Unnamed: 0,TIME,MOT_NRG,GEO,UNIT,Value,Flag and Footnotes
0,2012,Total,Belgium,NR,5444000,
1,2012,Total,Bulgaria,NR,2807000,


## Import dictionary for country codes and replace country names with 3 digit codes

In [7]:
# rename region to 'geo'
df.rename(columns={'GEO':'geo'},inplace= True)
df.rename(columns={'Flag and Footnotes':'footnote'},inplace= True)
df.rename(columns={'MOT_NRG':'motor_energy'},inplace= True)
df.rename(columns={'TIME':'year_of_measurement'},inplace= True)

In [8]:
xls = pd.ExcelFile('metadata_vehicle_fleet.xlsx')
geographyMetadata = xls.parse('geography_metadata', skiprows=1, index_col=None)
geographyMetadata.drop('id', axis=1, inplace=True)

missing = []
edited = []

for i in range(1, len(df['geo'])):
    for j in range(0, len(geographyMetadata['name'])): # we need to use different indexes here because the dataframes might have different lengths
        if df['geo'][i].lower() not in geographyMetadata['name'].str.lower().tolist(): # if the country is not in name we try checking in the other cols
            missing.append(df['geo'][i])

            if df['geo'][i].lower() == geographyMetadata['alternate name1'][j].lower():
                df['geo'][i] = geographyMetadata['name'][j]
                edited.append(geographyMetadata['name'][j])
            elif df['geo'][i].lower() == geographyMetadata['alternate name2'][j].lower():
                df['geo'][i] = geographyMetadata['name'][j]
                edited.append(geographyMetadata['name'][j])
            elif df['geo'][i].lower() == geographyMetadata['alternate name3'][j].lower():
                df['geo'][i] = geographyMetadata['name'][j]
                edited.append(geographyMetadata['name'][j])
            elif df['geo'][i].lower() == geographyMetadata['alternate name4'][j].lower():
                df['geo'][i] = geographyMetadata['name'][j]
                edited.append(geographyMetadata['name'][j]) 
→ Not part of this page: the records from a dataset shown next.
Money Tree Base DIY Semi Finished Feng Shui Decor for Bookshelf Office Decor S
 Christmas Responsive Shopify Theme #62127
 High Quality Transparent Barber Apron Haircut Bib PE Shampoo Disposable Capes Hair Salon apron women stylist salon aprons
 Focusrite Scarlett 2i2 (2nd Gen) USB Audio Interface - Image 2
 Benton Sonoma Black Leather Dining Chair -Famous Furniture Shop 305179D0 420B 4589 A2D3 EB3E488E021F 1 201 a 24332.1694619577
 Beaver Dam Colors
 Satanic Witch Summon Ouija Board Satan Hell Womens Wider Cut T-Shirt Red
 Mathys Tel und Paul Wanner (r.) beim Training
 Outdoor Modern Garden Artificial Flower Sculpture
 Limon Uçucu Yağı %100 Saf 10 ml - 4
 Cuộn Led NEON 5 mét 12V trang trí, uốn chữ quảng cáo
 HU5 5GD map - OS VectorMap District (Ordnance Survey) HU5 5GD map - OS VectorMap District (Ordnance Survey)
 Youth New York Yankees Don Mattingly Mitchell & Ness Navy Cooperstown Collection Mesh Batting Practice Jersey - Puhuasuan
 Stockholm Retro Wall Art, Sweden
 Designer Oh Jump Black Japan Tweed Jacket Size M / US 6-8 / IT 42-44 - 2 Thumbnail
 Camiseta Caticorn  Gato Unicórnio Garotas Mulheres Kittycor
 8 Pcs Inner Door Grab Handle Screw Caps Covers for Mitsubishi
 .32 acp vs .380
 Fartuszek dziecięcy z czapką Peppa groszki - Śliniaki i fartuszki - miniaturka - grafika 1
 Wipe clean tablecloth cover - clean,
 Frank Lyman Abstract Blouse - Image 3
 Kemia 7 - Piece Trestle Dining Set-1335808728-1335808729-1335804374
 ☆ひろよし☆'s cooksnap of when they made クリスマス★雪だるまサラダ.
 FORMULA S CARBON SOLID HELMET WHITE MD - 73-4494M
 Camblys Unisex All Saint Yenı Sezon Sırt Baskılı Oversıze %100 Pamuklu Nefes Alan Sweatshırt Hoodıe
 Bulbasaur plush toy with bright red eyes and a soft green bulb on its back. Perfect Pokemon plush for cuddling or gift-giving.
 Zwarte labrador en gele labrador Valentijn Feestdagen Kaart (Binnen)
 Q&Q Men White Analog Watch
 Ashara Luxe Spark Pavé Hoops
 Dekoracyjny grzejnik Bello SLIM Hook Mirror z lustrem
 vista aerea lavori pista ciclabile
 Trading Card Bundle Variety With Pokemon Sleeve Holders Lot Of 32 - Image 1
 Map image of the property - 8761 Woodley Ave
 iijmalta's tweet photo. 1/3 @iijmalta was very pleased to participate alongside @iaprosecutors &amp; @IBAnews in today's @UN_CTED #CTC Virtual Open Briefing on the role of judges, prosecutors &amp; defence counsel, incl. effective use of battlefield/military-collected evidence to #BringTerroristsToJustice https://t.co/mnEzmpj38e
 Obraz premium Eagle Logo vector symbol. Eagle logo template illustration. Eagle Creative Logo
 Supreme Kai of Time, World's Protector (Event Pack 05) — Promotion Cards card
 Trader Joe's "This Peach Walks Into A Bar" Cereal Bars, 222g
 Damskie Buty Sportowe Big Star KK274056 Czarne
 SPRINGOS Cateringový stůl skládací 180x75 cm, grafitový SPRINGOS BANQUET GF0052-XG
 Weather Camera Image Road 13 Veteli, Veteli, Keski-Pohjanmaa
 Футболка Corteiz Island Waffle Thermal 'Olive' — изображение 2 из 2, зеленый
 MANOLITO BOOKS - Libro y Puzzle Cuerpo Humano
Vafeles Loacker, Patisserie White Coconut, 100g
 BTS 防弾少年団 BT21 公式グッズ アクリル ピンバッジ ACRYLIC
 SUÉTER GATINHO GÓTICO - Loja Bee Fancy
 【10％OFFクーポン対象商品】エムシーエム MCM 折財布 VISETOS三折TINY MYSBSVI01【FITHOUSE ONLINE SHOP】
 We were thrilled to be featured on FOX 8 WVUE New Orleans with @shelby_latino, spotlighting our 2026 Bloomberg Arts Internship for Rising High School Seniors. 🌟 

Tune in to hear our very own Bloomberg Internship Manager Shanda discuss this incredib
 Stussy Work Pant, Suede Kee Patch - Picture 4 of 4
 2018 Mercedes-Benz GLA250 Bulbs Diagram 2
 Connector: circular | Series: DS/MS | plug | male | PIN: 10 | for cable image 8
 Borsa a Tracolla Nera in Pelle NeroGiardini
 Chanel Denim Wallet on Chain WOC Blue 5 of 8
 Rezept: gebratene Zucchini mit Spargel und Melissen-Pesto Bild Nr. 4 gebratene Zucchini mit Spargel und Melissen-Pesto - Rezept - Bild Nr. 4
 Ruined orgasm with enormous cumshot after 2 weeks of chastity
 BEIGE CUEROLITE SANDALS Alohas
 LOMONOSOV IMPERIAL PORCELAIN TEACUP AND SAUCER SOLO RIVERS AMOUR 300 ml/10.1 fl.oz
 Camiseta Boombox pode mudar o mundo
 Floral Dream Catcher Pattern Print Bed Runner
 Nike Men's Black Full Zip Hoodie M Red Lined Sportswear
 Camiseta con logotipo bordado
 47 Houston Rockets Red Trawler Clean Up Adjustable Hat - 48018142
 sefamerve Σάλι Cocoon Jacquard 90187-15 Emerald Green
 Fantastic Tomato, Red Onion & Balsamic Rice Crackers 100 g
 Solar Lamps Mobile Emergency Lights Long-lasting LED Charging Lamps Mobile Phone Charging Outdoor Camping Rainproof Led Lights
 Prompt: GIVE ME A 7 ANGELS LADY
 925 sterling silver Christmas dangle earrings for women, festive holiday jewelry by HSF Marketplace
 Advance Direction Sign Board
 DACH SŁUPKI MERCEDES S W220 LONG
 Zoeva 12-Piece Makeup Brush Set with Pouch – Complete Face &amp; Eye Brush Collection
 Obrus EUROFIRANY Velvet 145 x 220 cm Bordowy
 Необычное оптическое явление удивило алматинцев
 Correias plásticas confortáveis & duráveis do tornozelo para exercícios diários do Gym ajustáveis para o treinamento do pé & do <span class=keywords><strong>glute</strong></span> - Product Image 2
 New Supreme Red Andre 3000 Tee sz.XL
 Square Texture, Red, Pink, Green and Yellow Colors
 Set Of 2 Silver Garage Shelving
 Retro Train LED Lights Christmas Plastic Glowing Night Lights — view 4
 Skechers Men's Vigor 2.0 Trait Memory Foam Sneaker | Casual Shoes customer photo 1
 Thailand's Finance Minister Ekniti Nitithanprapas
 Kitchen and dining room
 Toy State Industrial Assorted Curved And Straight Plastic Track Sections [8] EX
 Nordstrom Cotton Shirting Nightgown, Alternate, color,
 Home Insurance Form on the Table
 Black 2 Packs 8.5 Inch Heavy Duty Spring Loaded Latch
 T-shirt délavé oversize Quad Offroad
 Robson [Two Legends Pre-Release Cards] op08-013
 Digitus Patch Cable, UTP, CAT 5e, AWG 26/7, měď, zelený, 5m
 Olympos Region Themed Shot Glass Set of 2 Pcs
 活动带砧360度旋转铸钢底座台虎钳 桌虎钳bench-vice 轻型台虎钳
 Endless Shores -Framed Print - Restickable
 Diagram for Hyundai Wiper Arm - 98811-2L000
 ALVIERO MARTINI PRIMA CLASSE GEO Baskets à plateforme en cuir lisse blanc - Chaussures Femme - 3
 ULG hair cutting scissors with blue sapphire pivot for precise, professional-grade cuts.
print('missing:'+ str(set(missing)))    # This is the list of countries that are not in the names column of the metadata sheet
print('edited:' + str(set(edited)))    # This is the list of countries that were edited in the loop


missing:set()
edited:set()


In [9]:
#find contries which did not match 
df.loc[~df['geo'].str.lower().isin(geographyMetadata.name.str.lower())]

Unnamed: 0,year_of_measurement,motor_energy,geo,UNIT,Value,footnote


In [10]:
# Drop codes that are not in code list (after checking for completeness)
df = df.loc[df['geo'].str.lower().isin(geographyMetadata.name.str.lower())]

In [11]:
# MOTOR ENERGY code replacement
# read in motor energy dictionary metadata,
metadataXls = pd.ExcelFile('metadata_vehicle_fleet.xlsx')
motorEnergyDictionary= pd.read_excel(metadataXls, sheet_name= 'motor_energy_dictionary', index_col= 0)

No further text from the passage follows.